===== GIVEN ENTRIES

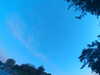 20240613060709-G0019195.JPG
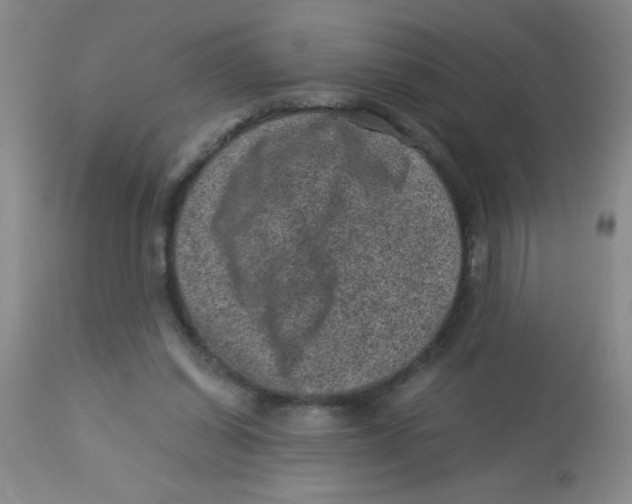 X0000113950254200910232013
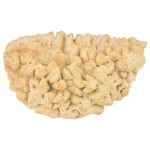 1 Mukhi Rudraksha 33.7mm 5.02gm - Rudraksha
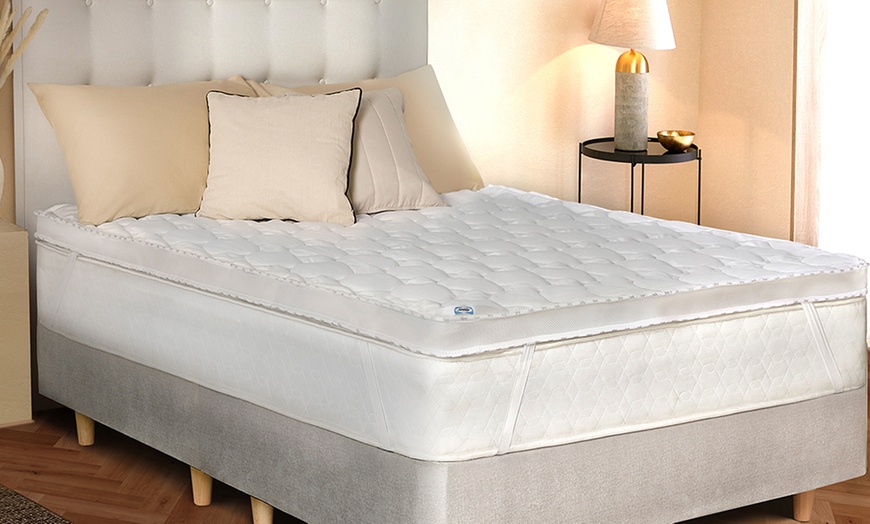 Image 1: Sealy Luxury Sealy Deeply Full Pillows, Duvets or Mattress Topper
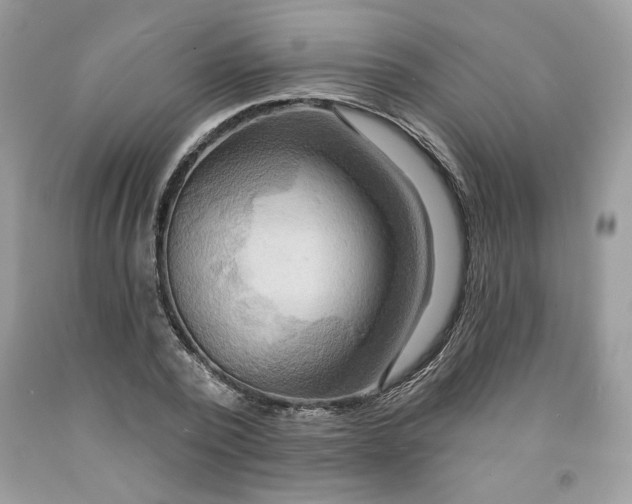 X0000091640784200709060936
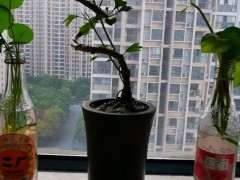 银杏下山桩盆景该怎样造型 图片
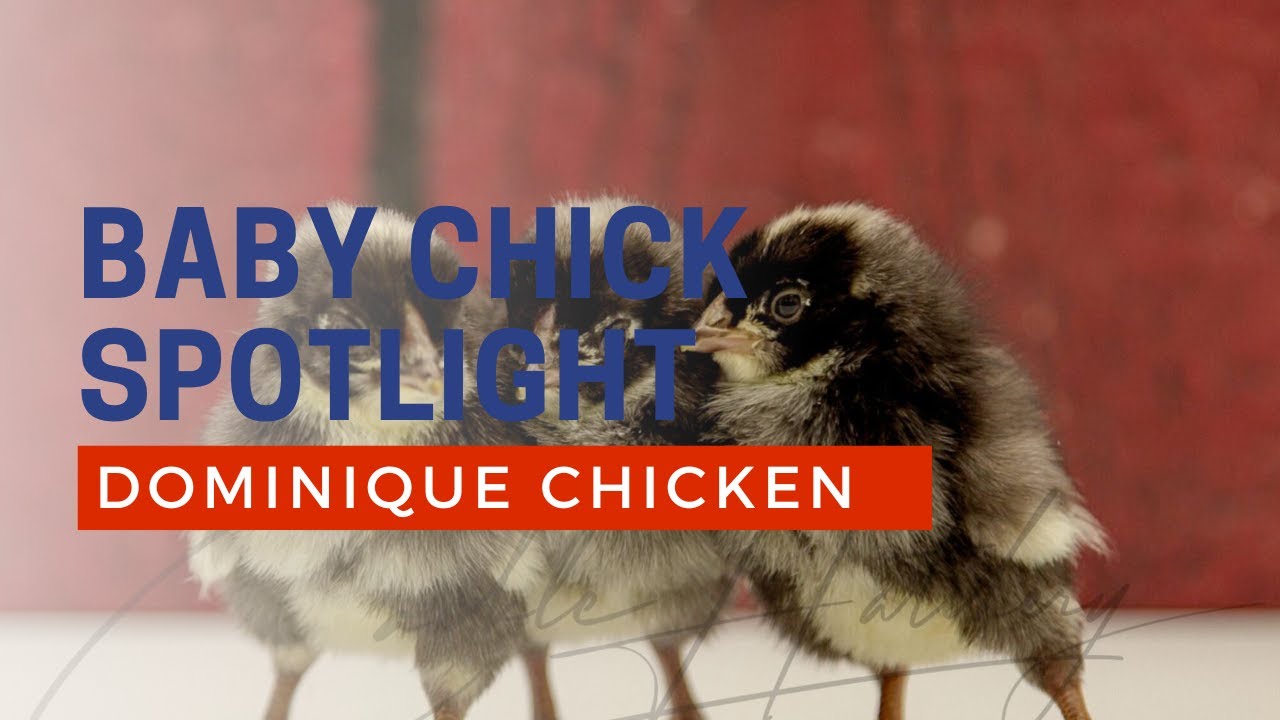 Dominique baby chicks at Cackle Hatchery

==========

→ ABOUT THIS EXERCISE
Write out exactly, and only, the lines from the line holding "1 Mukhi Rudraksha 33.7mm 5.02gm - Rudraksha" through the end of the data, inclusive, without any pictures.

→ SOLUTION BELOW
 1 Mukhi Rudraksha 33.7mm 5.02gm - Rudraksha
 Image 1: Sealy Luxury Sealy Deeply Full Pillows, Duvets or Mattress Topper
 X0000091640784200709060936
 银杏下山桩盆景该怎样造型 图片
 Dominique baby chicks at Cackle Hatchery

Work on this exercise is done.